Tuesday, December 28, 2010

I miss you Mummy 6

After having almost a very good run at writing, I faced a block again, as I told my sister, now it is even worse, I no longer stare at a blank Words page, I stare at the pc wallpaper, meaning I can’t even go past the block of intending to write, but after going through a really bad few days emotion wise, I think I need to unload. I have decided my emotional roller-coaster these few days can be put down oestrogen overload because some other familiar symptoms came along with the non-stop crying and being very testy and grumpy. Well being hormonal is never very pleasant but getting it while you have reason to be sad is more unpleasant, and I found the emotion overload very difficult to face.
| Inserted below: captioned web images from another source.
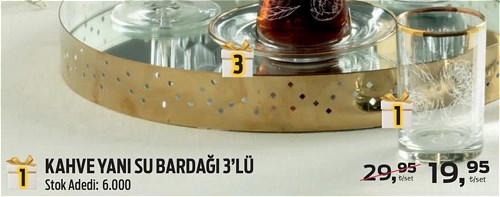 Paşabahçe Kahve Yanı Su Bardağı 3'lü image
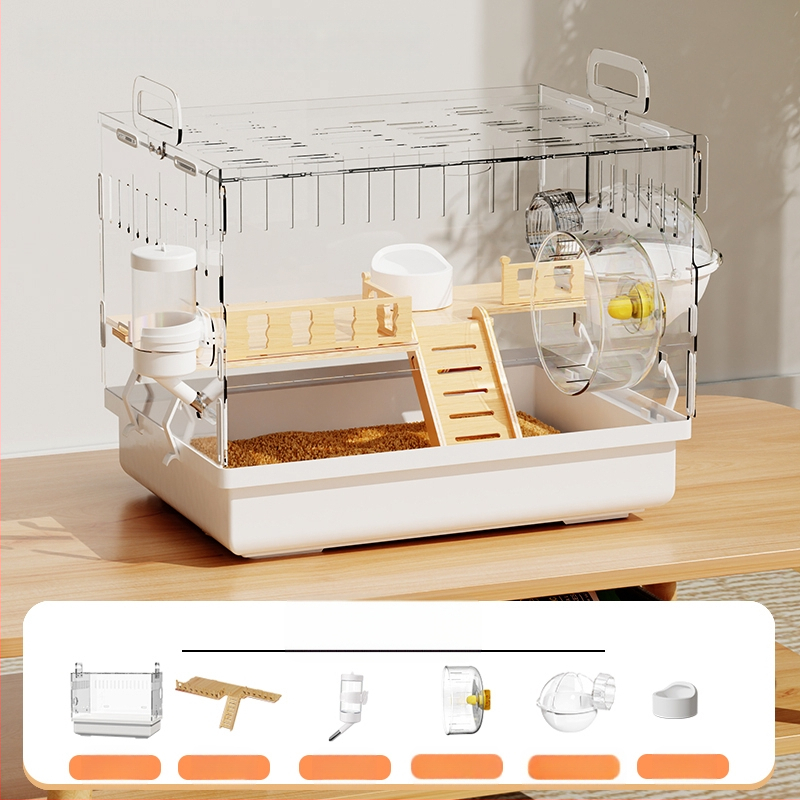 Клетка за хамстери "Златна мечка", специална акрилна голяма прозрачна луксозна вила, кутия за разплод, играчки, евтин комплект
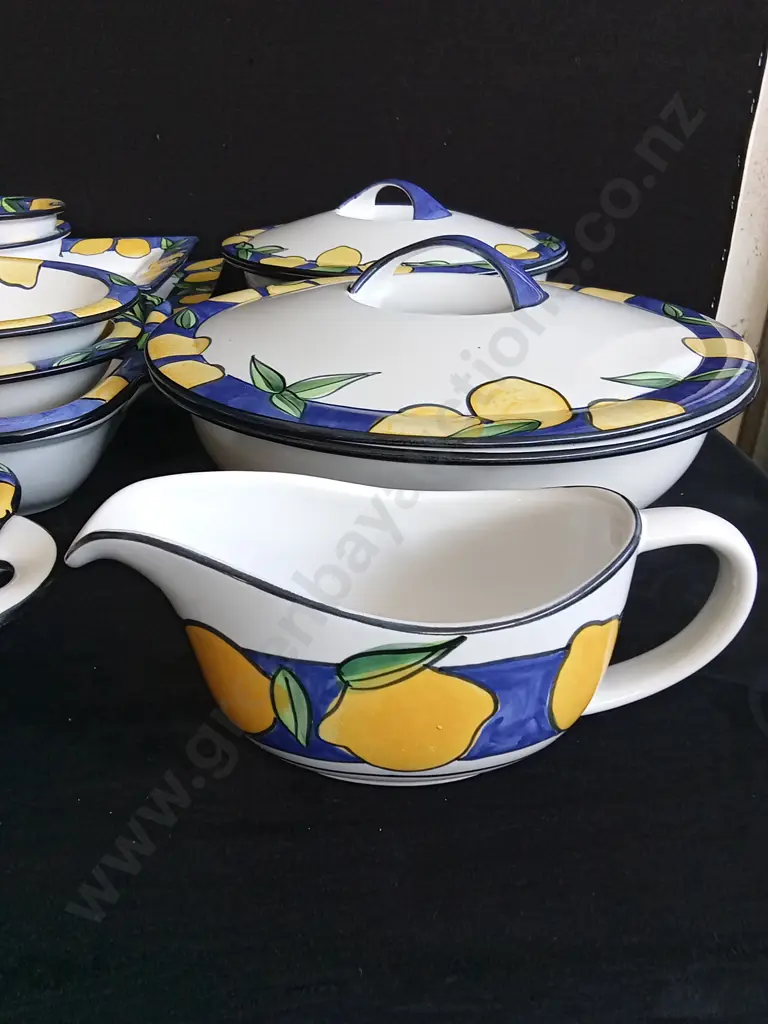 19 PIECE TEMUKA POTTERY DINNER AND SERVING SET Image 1++
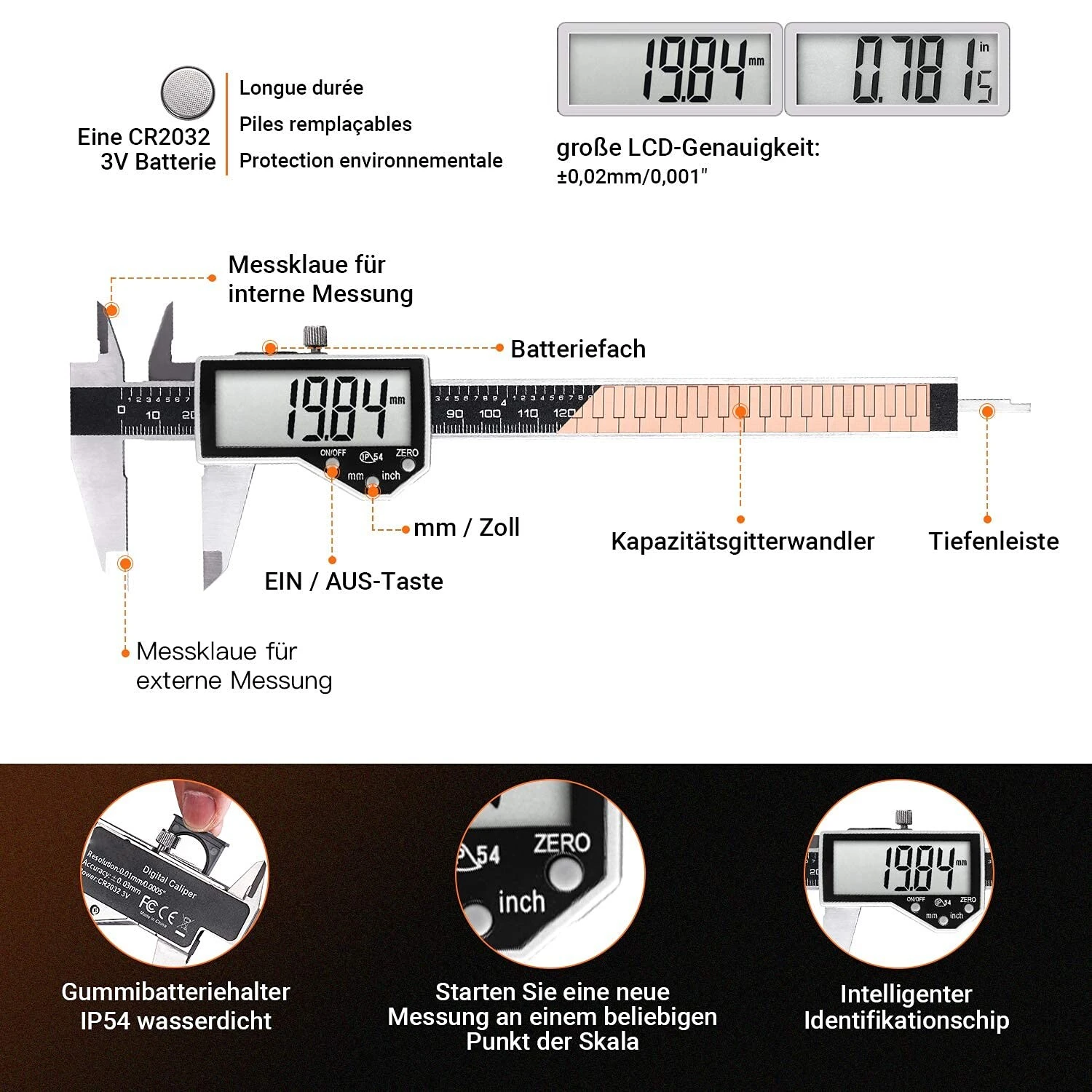 TACKLIFE DC04, Messschieber Digital Schieblehre, 150mm / 6 Zoll Mit Zoll/Millimeter, IP54 Wasserdicht Hochpräzise Schieblehre Aus Edelstahl(0,01 Mm) Für Heimgebrauch Und Professionelle Messung 5 TACKLIFE DC04, Messschieber Digital Schieblehre, 150mm / 6 Zoll Mit Zoll/Millimeter, IP54 Wasserdicht Hochpräzise Schieblehre Aus Edelstahl(0,01 Mm) Für Heimgebrauch Und Professionelle Messung – Bild 5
Today I have a hospital appointment, so as I waited for my number to be called for registration, I was reading the electronic board announcement, as I read “The numbers 1000 to 1200 is reserved for the elderly 65 years old and above.” I cried thinking Mom couldn’t even reached that age and she is already gone. See it is not the first time I went to the hospital and reading that statement after Mom died, but today it affected me and it started the tone of the day for me. I can start thinking any random thoughts and it’ll trigger the tears and by 2 p.m. it is getting really old.

Another thing I noticed missing Mom makes missing Phil worse, so I think every day I go about life I am doubling the agony to the point that I can’t be alone because being alone reinforce that feeling of missing something in my life.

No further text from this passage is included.